None of the men were cruel, but all were plenty menacing as they surrounded the 15-year-old girl, who stood alone and afraid in a city mostly unknown to her.
“Get out of my way…” Cassie seethed, her breath unsteady as she pretended to be as tough as she could muster.
“Ah! British!” exclaimed the youngest of the men, the one who had first noticed Cassie, “I like British!”
He placed a hand forcefully on Cassie’s shoulder as she faced away from him, and pulled her around to face him. “C’mere.” Instinctually, Cassie reacted, flinging herself back, and crashed into the chest of the man who had first pursued her.
“We ain’t gonna hurt ya!” the crushing man cried, only for Cassie to react by delivering a swift kick to the man’s groin. He fell quickly, groaning in pain.
“What the fuck, lady!?”
The man behind her jostled Cassie’s shoulder, threatened and enraged. Taking no shit, Cassie turned socked the man in the jaw, causing him to stagger back.
“Stay away from me!!” she cried before punching him once again, unaware of the third man behind her as he drew a knife.
But as the man threw himself forward to slash out at the increasingly violent young girl, out of nowhere flew a glowing gold chain that seemed to magically wrap itself around the wrist of the man’s knife hand. And with one quick tug, the man went flying several feet. Though as Cassie turned to see just what had occurred behind her, she saw not the floor assailant, but a woman, tall and draped in black, her skin lightly tanned and her hair as dark as her plated armour. “You need to come with me.”
 
♦ ♦ T ♦ ♦
 
The next morning, Dick Grayson pushed hurriedly through the S.T.A.R. Labs security checkpoint, already a registered visitor at this point. He didn’t know the cause of Silas summoning him, but he had guessed from the police cars lined up on the street outside that the scientist likely had information regarding Finlay’s death.
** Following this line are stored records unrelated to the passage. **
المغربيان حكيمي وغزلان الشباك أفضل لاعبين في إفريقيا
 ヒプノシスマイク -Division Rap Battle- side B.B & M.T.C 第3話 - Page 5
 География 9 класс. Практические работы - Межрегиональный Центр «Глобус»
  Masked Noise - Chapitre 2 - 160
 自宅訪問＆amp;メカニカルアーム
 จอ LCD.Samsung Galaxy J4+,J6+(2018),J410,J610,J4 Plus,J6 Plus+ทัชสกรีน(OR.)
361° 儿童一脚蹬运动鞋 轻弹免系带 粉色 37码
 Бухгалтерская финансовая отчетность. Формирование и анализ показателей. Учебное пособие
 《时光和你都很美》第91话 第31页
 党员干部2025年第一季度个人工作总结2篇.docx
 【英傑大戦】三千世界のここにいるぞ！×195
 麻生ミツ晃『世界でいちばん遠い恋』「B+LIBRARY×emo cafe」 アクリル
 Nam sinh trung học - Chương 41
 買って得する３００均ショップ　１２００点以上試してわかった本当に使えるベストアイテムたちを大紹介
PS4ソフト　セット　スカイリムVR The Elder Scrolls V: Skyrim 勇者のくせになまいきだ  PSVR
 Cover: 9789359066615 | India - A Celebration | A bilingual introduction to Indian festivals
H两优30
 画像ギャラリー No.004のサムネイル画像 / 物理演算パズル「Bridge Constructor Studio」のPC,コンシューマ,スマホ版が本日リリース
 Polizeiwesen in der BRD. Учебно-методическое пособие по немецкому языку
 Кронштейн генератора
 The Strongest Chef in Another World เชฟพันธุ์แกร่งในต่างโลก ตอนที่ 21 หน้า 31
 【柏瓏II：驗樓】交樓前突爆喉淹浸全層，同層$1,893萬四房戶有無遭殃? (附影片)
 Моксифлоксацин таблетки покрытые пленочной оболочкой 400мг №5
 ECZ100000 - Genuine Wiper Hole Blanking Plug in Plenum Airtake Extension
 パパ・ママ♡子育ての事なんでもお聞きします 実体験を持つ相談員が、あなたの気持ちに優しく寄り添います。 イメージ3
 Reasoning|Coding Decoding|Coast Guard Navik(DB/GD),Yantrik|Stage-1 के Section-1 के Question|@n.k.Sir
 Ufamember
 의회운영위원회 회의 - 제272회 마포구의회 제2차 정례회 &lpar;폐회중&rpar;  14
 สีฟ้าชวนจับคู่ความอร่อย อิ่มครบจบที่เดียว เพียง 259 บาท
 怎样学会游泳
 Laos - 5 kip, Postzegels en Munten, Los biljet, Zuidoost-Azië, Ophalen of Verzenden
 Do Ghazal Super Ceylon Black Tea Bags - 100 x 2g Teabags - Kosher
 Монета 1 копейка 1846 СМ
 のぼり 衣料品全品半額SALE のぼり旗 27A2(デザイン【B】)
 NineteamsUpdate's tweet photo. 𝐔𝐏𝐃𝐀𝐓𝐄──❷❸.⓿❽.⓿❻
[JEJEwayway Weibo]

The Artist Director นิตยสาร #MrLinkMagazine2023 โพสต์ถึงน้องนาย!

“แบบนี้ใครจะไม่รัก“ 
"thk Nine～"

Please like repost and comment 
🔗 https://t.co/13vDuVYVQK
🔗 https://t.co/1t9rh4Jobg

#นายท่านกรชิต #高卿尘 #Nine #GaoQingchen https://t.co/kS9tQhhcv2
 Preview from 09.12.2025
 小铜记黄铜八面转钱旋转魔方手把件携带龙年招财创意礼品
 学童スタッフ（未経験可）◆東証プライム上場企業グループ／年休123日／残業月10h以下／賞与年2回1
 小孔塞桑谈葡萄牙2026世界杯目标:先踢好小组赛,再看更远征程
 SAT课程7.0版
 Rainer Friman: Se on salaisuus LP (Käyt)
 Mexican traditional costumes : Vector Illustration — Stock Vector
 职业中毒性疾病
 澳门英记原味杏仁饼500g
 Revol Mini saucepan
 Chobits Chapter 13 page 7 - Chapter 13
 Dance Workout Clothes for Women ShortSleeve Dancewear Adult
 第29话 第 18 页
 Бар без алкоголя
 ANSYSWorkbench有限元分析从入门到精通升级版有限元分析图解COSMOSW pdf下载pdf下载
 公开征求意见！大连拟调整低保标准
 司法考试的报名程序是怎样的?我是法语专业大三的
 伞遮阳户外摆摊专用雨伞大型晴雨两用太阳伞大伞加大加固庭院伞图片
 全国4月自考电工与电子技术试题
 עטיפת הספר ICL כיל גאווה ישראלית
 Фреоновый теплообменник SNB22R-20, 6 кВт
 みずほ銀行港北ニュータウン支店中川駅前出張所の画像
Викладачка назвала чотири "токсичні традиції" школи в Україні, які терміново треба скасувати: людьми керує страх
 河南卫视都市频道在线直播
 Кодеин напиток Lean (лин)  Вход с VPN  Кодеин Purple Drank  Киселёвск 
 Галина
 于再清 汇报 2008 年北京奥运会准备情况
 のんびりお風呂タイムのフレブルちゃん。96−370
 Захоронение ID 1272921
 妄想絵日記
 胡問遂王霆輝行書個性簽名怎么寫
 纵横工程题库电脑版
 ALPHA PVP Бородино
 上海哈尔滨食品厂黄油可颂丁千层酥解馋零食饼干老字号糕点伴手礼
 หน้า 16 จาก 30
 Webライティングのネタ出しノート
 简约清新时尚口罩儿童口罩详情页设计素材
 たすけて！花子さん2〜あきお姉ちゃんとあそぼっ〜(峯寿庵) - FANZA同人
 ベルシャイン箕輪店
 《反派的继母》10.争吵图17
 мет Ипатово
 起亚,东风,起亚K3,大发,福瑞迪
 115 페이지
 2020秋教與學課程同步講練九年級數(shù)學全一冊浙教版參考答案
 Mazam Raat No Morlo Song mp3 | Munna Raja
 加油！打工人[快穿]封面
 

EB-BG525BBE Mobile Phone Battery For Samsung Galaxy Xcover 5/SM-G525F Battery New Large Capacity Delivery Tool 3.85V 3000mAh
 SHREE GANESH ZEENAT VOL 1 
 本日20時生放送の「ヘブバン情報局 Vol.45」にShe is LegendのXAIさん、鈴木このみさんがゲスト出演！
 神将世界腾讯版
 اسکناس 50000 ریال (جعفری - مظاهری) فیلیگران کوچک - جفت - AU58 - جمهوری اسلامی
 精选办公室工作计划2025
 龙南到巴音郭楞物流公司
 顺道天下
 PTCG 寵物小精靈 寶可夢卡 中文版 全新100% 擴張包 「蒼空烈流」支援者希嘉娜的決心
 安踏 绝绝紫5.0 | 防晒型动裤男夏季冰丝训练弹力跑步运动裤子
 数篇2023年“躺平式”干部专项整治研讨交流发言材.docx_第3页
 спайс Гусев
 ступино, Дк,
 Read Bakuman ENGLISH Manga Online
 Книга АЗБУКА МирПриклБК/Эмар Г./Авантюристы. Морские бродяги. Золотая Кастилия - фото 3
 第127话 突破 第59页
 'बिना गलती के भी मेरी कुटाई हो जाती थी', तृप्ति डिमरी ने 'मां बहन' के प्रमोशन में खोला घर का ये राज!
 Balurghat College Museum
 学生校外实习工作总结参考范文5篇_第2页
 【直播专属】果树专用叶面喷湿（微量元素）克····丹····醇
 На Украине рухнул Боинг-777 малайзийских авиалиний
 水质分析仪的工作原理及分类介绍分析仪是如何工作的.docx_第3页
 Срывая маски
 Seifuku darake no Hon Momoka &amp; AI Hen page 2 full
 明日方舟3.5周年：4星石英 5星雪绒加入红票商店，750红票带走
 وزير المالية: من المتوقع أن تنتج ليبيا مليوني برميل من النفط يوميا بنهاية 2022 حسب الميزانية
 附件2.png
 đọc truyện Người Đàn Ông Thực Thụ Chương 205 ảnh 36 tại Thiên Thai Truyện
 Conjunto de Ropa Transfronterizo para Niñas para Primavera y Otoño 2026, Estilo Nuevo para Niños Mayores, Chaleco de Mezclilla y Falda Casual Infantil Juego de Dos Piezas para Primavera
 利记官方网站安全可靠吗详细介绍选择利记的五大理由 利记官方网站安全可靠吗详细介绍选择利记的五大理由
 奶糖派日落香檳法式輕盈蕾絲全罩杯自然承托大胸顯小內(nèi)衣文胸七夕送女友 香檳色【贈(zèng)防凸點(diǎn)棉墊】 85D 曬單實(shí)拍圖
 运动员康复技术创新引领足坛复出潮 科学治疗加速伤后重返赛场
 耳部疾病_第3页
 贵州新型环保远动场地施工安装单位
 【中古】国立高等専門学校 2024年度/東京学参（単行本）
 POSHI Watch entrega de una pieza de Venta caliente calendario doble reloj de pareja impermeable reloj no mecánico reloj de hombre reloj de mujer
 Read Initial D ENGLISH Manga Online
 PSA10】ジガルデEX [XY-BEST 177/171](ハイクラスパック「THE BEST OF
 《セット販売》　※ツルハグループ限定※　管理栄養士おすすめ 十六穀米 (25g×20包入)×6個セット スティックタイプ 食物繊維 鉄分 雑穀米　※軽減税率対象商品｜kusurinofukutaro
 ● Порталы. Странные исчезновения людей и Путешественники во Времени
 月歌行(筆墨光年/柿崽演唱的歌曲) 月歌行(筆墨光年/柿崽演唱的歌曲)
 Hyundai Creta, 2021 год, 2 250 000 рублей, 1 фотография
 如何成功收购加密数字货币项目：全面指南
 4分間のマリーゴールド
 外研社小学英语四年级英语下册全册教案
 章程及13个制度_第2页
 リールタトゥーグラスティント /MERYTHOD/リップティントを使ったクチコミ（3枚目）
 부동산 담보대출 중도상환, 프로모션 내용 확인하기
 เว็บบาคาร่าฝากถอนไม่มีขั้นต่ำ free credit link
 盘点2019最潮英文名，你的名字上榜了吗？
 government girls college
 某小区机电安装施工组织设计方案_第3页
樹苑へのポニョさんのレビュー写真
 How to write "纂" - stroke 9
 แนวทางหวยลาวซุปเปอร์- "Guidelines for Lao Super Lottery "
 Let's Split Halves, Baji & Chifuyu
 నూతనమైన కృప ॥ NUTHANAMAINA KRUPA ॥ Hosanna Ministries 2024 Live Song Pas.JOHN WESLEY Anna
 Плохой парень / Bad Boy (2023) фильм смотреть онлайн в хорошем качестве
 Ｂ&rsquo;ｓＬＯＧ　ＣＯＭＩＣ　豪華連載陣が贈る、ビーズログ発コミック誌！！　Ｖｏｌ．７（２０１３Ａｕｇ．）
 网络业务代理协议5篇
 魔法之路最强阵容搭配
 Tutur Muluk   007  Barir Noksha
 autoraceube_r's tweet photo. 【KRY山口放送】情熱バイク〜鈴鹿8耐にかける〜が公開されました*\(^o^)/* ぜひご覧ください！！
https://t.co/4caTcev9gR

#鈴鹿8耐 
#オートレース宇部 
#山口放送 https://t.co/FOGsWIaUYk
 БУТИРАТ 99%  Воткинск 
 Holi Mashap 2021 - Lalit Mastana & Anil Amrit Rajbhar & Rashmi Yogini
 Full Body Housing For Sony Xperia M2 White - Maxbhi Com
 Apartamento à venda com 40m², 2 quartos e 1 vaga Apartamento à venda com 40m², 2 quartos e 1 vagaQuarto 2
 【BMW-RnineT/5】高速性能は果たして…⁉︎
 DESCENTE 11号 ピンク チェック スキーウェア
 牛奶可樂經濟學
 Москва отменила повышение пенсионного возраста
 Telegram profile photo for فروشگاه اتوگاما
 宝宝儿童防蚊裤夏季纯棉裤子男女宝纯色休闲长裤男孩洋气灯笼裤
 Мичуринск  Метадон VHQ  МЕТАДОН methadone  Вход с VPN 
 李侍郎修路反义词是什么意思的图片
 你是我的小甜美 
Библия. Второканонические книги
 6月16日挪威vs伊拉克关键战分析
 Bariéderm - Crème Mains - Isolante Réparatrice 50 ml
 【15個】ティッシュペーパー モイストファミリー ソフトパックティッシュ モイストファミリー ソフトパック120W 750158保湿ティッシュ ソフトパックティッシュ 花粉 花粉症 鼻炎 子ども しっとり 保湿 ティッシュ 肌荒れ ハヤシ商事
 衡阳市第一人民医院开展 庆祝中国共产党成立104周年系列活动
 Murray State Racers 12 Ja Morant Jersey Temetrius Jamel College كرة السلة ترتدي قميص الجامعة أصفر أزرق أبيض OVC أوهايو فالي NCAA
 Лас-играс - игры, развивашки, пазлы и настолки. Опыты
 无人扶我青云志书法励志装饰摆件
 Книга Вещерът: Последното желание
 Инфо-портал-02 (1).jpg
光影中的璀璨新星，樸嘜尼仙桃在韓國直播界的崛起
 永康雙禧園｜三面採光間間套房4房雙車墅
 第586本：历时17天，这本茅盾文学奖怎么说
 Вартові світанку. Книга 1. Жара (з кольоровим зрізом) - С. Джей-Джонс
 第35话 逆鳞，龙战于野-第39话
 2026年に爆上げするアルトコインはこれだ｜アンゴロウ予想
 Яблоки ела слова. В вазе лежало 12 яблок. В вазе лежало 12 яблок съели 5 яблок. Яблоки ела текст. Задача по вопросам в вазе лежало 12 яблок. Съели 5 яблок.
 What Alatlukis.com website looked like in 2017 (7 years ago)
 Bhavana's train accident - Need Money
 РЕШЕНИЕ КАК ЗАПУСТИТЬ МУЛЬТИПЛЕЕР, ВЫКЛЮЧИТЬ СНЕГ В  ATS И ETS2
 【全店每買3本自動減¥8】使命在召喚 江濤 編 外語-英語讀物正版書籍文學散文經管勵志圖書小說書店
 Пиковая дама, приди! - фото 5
And as Dick entered the central lab, he was implicitly proved correct as he found Silas seated, the figure of a tall, muscular man in a beige coat and a black-banded, white cowboy hat. Immediately, Dick recognised the lone policeman as NYC Sheriff Saunders. It was rare that the man ever came out to investigate first hand since his election, and he and Dick had never crossed paths, especially while the latter was Nightwing.
“And… Dr Finlay: any reason to believe he had any enemies?” the Sheriff spoke in a gruff, deep tone, befitting of his fearsome silhouette and his fifty years of smoking. The man was no nonsense.
Silas took a second. A part of him wanted to pretend the man was a saint, but the truth was that he was far from it. Similarly Silas knew that what he had to said could incriminate himself, but was already worn down by the death of his coworker and his son shunning him for a second time. He had no time for lies.
“It was... I strongly suspect it was Finlay who allowed the meta thief - Selinda Flinders - to break into the lab. There, she not only freed her brother but also stole my blueprints for the cybernetics I used to treat my son from a safe that only myself and Finlay knew even existed.”
The Sheriff took a deep breath, still unaware of Dick standing in the doorway behind him. Carefully, he jotted down some notes in his small paper pad. “And what would Dr Finlay have wanted those… blueprints for? Industrial espionage?”
“No,” Silas sighed, “He wanted them so that he could save his brother the way I saved Victor, despite all my protests that the technology wasn’t ready.”
“His brother: This is Arthur Finlay, correct? Paralysed after a burglar attacked him in 2006.”
“That is correct.”
Saunders paused and took another long, deep breath, before launching into hurried speech. “Now it’s funny you should mention that as Arthur Finlay was nowhere to be found when we visited his estate earlier this week. Odd for a man who can't wipe his own ass.”
“What are you saying?”
“I’m saying it’s entirely possible that Dr Finlay– that Jacob succeeded in ‘fixing’ his brother.”
Beat.
The Sheriff smiled. “But that’s for me to chase up. Sorry, I shouldn’t have divulged that with you, - it’s as of current - entirely unfounded.”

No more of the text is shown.